I have a stepson who refuses to support himself. He is 37years old and has never had a job for more than a few months, and even with that he has only had enough jobs to count on one hand in his whole life. He has always found someone to take him in, and my husband has always given him money.
In 2016, my husband paid his rent for 6 months before I set the boundary that I would no longer allow our money to pay for his rent, that if my husband continues to do so, I would divorce him. He stopped and my stepson moved in with his mother and step father. Last week he attacked his step father and broke his jaw among other things, and they kicked him out. He is now living with one of his friend’s mother. I have also set the boundary that I will not share a living space with him, that includes my barn, my shop, even my horse trailer or my ditch. I refuse to live in the same space at all.
I have done many models concerning my thoughts about my stepson and my boundaries. My issue right now is that I am tired of having to constantly work on my thoughts about this. My husband is a very poor communicator. He refuses to talk about anything unpleasant, so I do not know what his boundaries are or how he is going to respond once his son is completely homeless and his wife has these boundaries. I live in this constant state of unease that the bottom is going to drop out of my life at any moment. I am prepared to follow through with the consequences I’ve established. It’s this “waiting” and anxiety that is wearing me down. It keeps me very guarded and afraid to just relax into my life with my husband. When it comes up, I address it through feeling the feelings and doing models; but I’d like for it to stop coming up over and over again. This is the model that I would like to get to but so far have not been able to make a reality:
C-possibility that my marriage will end
T-nothing is permanent except my relationship with myself, and I’ve got my own back.

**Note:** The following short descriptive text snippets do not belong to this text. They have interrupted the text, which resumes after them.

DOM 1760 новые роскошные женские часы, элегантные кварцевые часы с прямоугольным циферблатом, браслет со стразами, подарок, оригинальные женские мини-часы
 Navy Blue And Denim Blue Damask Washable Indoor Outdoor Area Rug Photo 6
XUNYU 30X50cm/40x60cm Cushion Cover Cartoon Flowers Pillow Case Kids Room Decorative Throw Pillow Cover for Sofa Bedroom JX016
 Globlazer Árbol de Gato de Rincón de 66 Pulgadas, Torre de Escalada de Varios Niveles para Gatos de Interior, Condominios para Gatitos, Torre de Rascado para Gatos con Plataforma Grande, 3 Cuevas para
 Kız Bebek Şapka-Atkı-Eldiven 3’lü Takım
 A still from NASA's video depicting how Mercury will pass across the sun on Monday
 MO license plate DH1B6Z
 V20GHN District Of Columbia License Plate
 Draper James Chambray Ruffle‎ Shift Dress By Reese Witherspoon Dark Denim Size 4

A-live one day at a time without worrying
R-Reoccuring anxiety stops
I’m hoping you will see what I am missing and help me get to a state of peace that lasts for more than one day. I suspect that you are going to suggest that I just accept my stepson as he is and be ok with supporting him, but my thoughts against that are too strong. I have a very strong belief that enabling him does not serve anyone, and is in fact, very harmful. I am committed to my boundaries. I would like to stop worrying over it though.